[Data excerpts]

· · ·

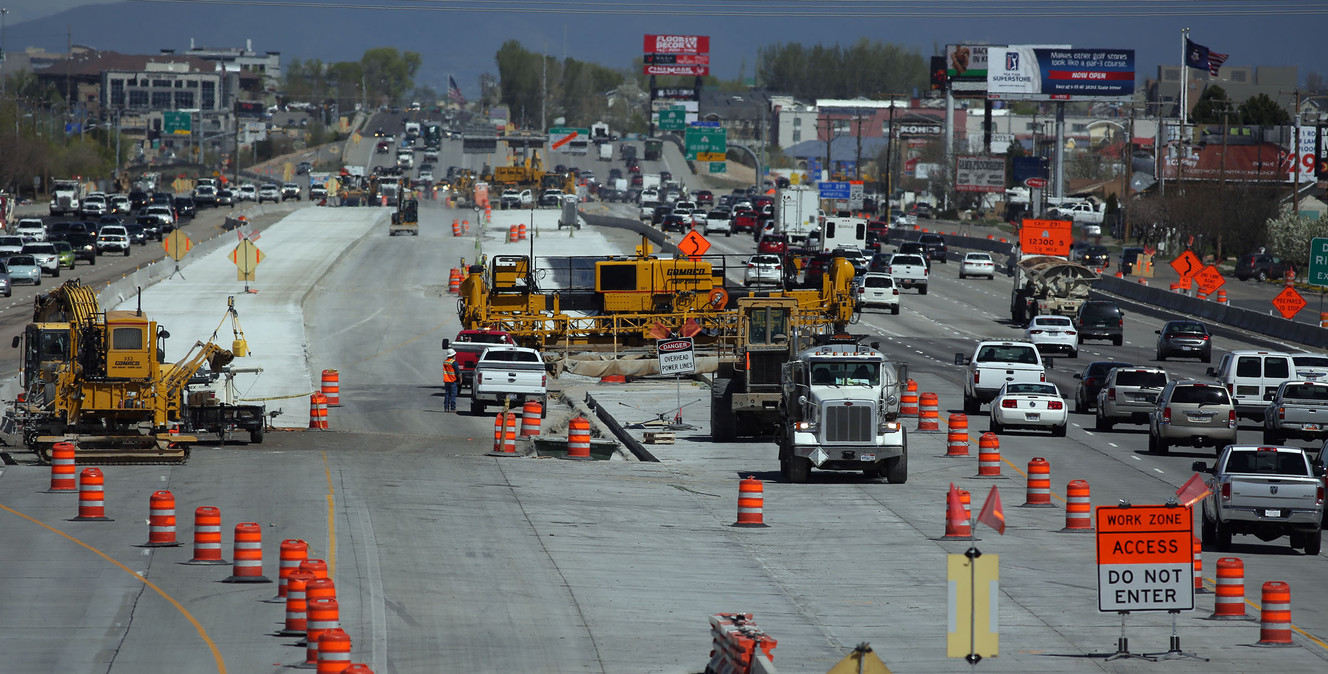 Traffic moves past construction workers and equipment for the Point Project on I-15 near Point of the Mountain on Tuesday, April 12, 2016. (Photo: Kristin Murphy, Deseret News)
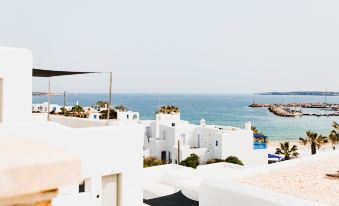 a picturesque view of a white building overlooking the ocean , with a rooftop terrace in the foreground at Paliomylos Spa Hotel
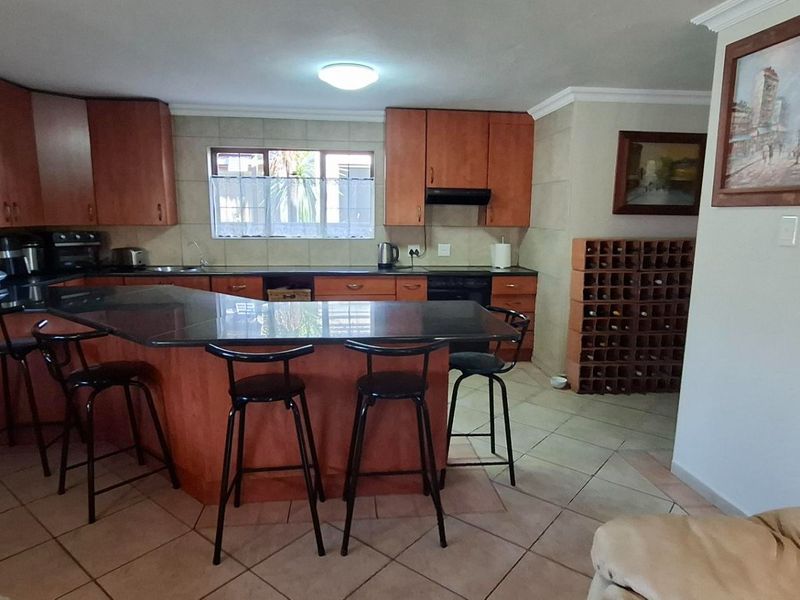 Spacious kitchen featuring wooden cabinetry, granite countertops, a breakfast bar, and a built-in wine rack, offering functional storage and preparation space.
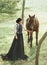 A young lady in a vintage dress strolls through the forest with her horse. The girl has a white blouse, a jabot, a tie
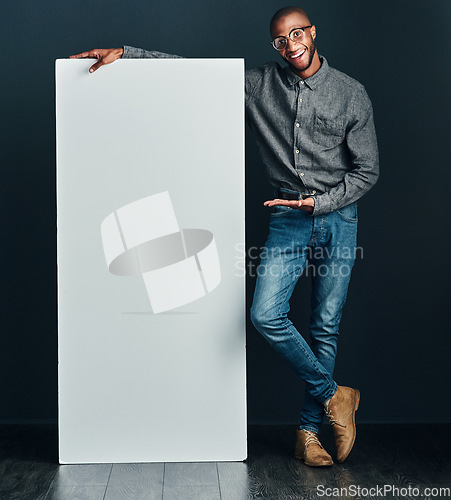 Image of Are you interested. Shot of a handsome young man standing next to a blank placard.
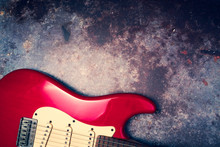 A Red Electric Guitar On A Grunge Background.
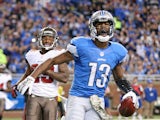 Nate Burleson of the Detroit Lions celebrates after scoring a touchdown on an 11 yard pass from quarterback Matthew Stafford during the game against the Tampa Bay Buccaneers on November 24, 2013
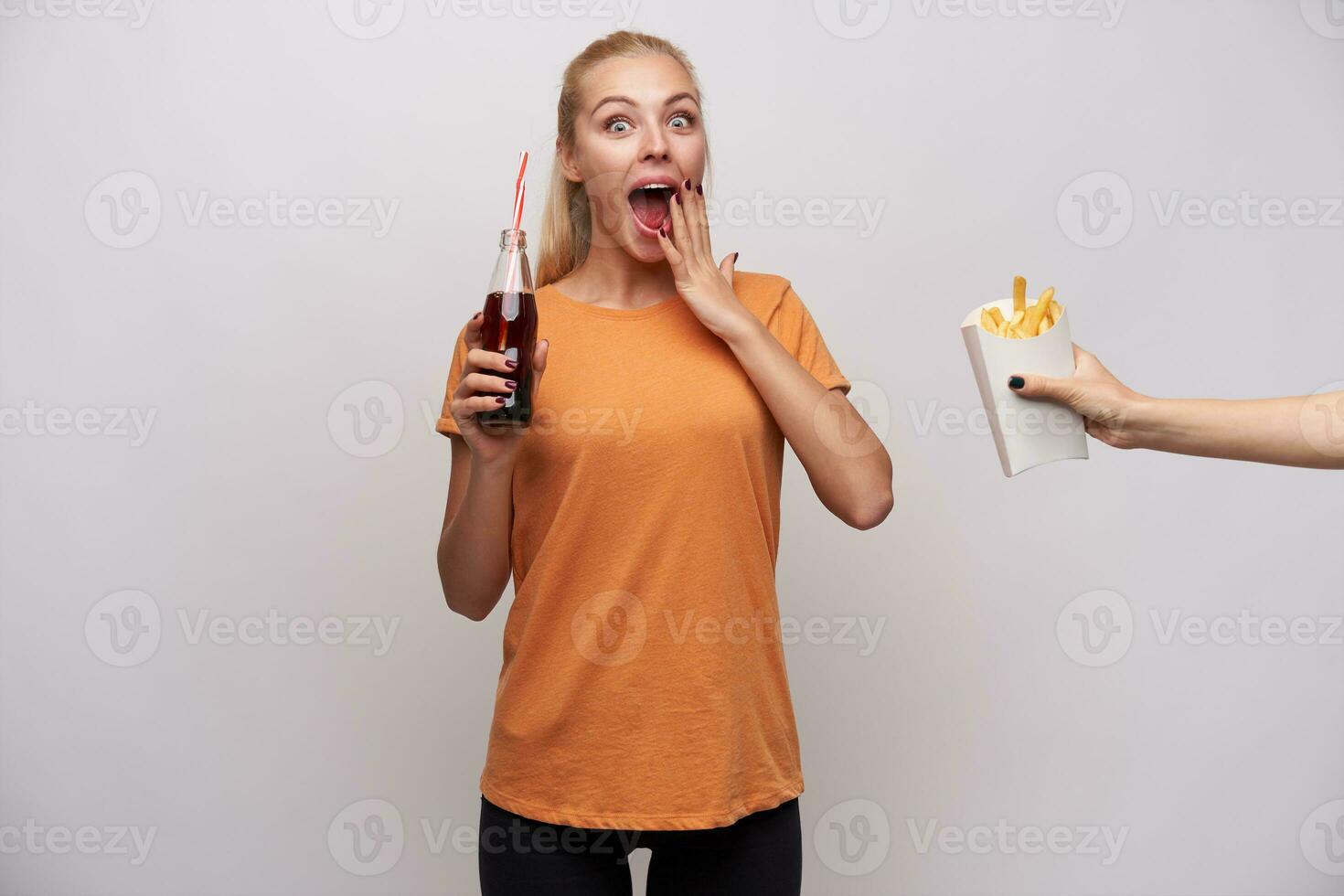 surpreso jovem atraente de olhos azuis Loiras mulher olhando às Câmera com Largo olhos e boca aberto, guardando garrafa do refrigerante dentro mão e ser animado sobre alguém tratando dela francês fritas foto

· · ·

- _REQUIRED ACTION_
Output only the lines that run from the line containing "A young lady" to the last line of the data, exactly as they stand and without pictures.

- _REPLY_
 A young lady in a vintage dress strolls through the forest with her horse. The girl has a white blouse, a jabot, a tie
 Image of Are you interested. Shot of a handsome young man standing next to a blank placard.
 A Red Electric Guitar On A Grunge Background.
 Nate Burleson of the Detroit Lions celebrates after scoring a touchdown on an 11 yard pass from quarterback Matthew Stafford during the game against the Tampa Bay Buccaneers on November 24, 2013
 surpreso jovem atraente de olhos azuis Loiras mulher olhando às Câmera com Largo olhos e boca aberto, guardando garrafa do refrigerante dentro mão e ser animado sobre alguém tratando dela francês fritas foto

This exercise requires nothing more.